Been very close friends with my friend for over 25 years (since our school days). Although during this time there have of course been periods of time where we saw each other a bit less than other times, we have always been in each other’s lives. I was a bridesmaid at her wedding. She was the person I left DS with when I was in hospital having my second baby. She’s the only friend who has been present at every single stage of my life.
Although there have been LOTS of times she has been a great friend and a real source of support to me, there have also been many times over the years in which she has been a bit of a pain. There’s no way of sugar coating it really, she has always been a bit of a liar. During our school days our friendship group used to roll our eyes at her tall stories (but nobody would ever confront her for blatantly lying) , as we got older the stories became a bit more outrageous and they always involved her being wronged outrageously in some really dramatic fashion, at work/with men etc. again, it was always obvious none of this had actually happened. She also has form for telling real whoppers about friends of friends ; “so and so had a sordid affair” etc, so quite serious stories which could have huge repercussions should they be repeated. Myself and a couple of other friends often felt uncomfortable around her husband and their group of friends who we don’t know very well as we could only imagine what crazy tales she had told them about things we had never done as well. I wouldn’t be surprised if her husband believes me to have a secret crack habit which I fund through prostituting myself in the kitchen area of the local toddler group, with my 8year old acting as my minder.

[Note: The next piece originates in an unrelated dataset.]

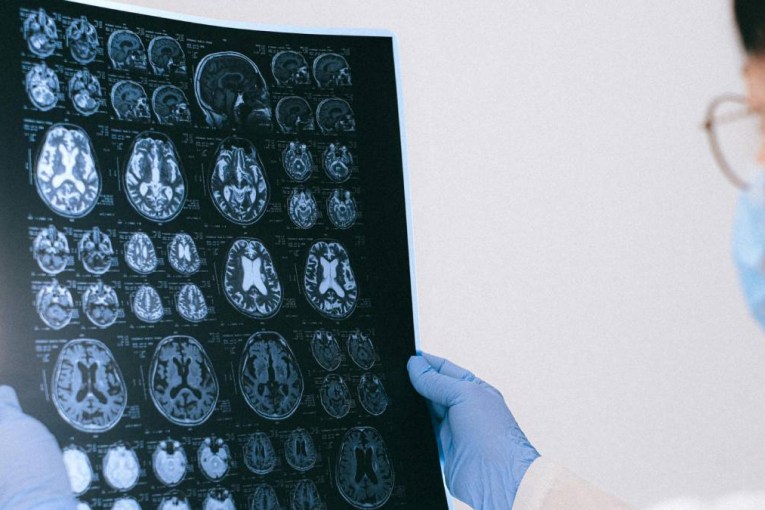 Brain disorder is no longer treated as ‘hysteria’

she would also pretend to have allergies (in years and years of friendship I have eaten out with her countless times, never once has she informed a waiter etc of her “allergies”, never seen her check the ingredients on anything in a shop, doesn’t carry an epi-pen, basically she doesn’t have a bloody allergy!) but she would drop into conversation “her nut allergy” or her “egg allergy” when speaking to strangers and I guess it always felt too awkward to ask direct questions about something I knew she was lying about or embarrass her by outing her.
Another bi-annual feature of her personality is that she would have a little paddy about people not making enough effort to spend time with her.
A year ago I moved house, about an hour away. After moving I still travelled back to the area we grew up in several times, both to meet up with her alone and with mutual friends. One day she asked if I was free to do something and apparently I wasn’t enthusiastic enough. She threw her toys out of the pram and I didn’t placate her as I usually would because she was just being such a dick. Two weeks later she text me to say she and her family wouldn’t be attending my son’s birthday party as she didn’t think it would be a good idea. For context she knew I had put masses of effort and expense into the party. I replied saying if you want to be that much of a dick then that is up to you. We haven’t spoken since, it was my birthday last week and I didn’t hear a word.
I do think she’s behaved badly over the years, and I think she’s been an absolute cow falling out with me over absolutely nothing. I also miss her good qualities as she did have some and how supportive she could also be to me.
if you were me, would you be trying to make amends, given how many years we have been friends? Or would you leave her to it?